*** Opening RAW DATA ***

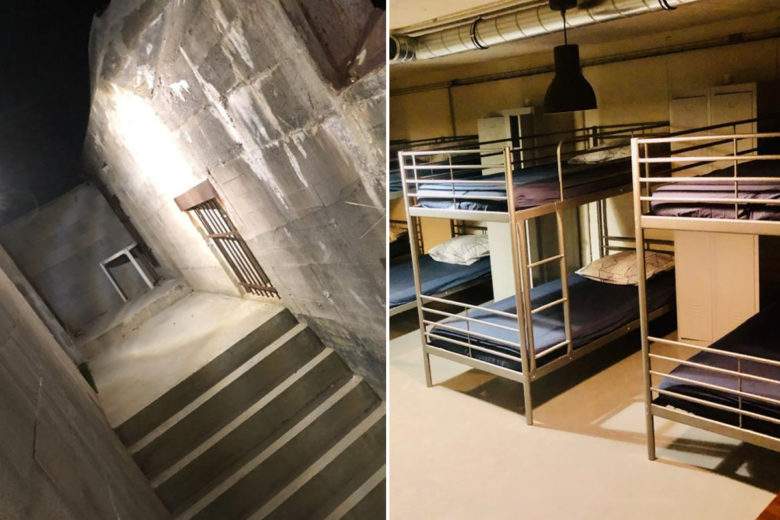 Il est possible de louer un bunker de la Seconde Guerre mondiale (aménagé) sur Airbnb
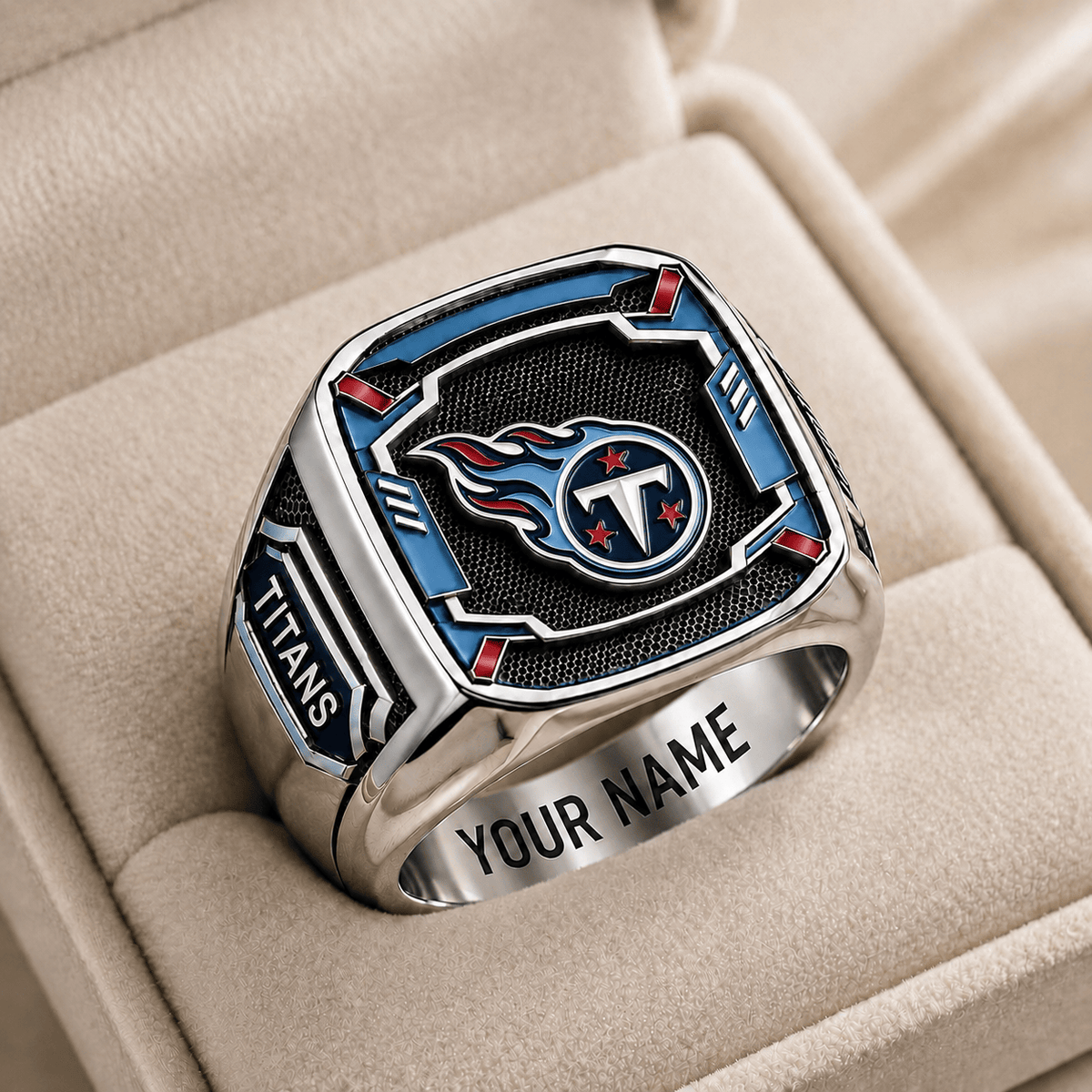 Exclusive NFL x TEN Personalized Name Ring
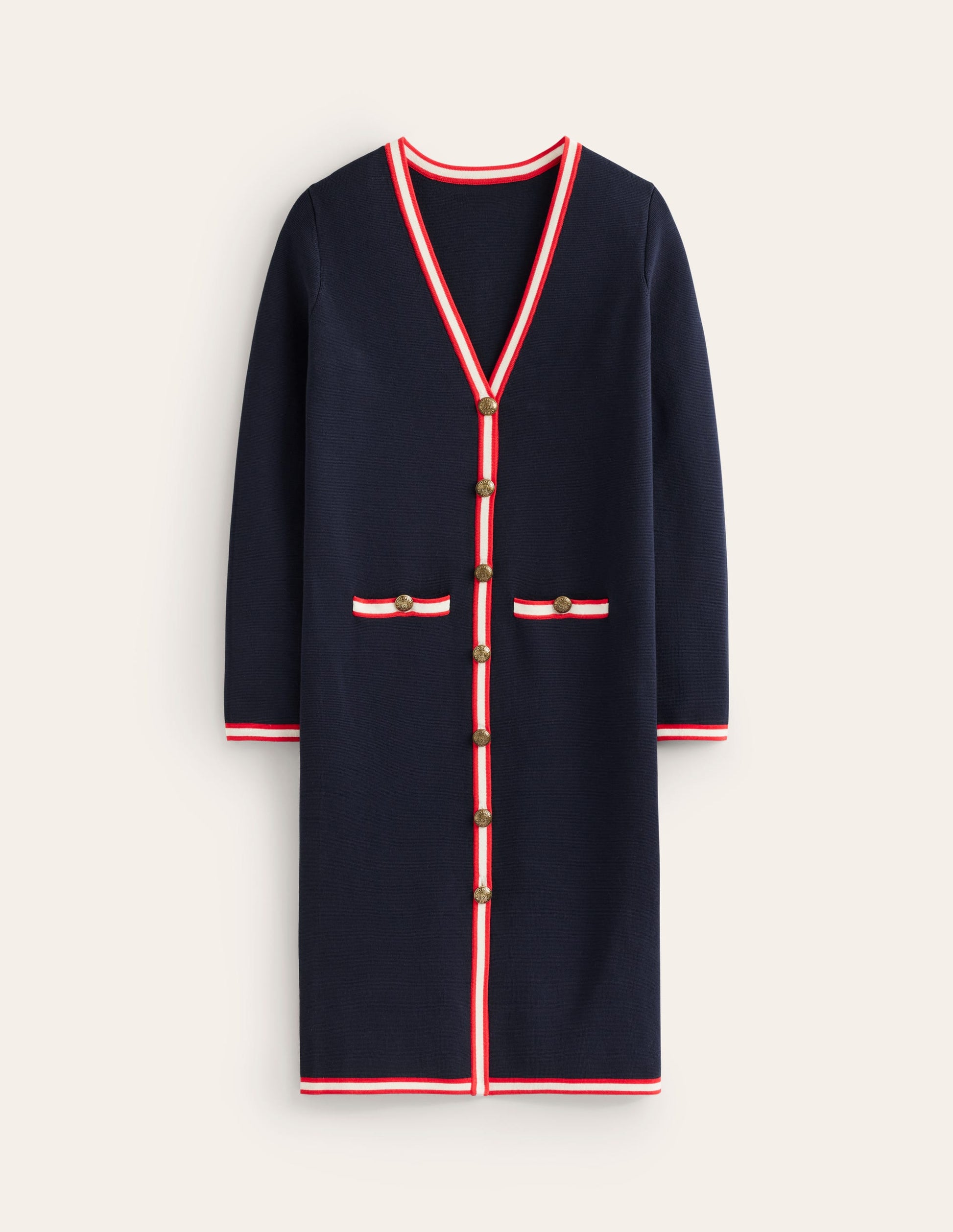 Holly Lange Strickjacke-Aqua Marine Marl Boden EU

*** Closing RAW DATA ***

§ **ASSIGNED TASK**
From the first line to the last, retype the data exactly, but omit every image.

§ **TASK RESULT**
 Il est possible de louer un bunker de la Seconde Guerre mondiale (aménagé) sur Airbnb
 Exclusive NFL x TEN Personalized Name Ring
 Holly Lange Strickjacke-Aqua Marine Marl Boden EU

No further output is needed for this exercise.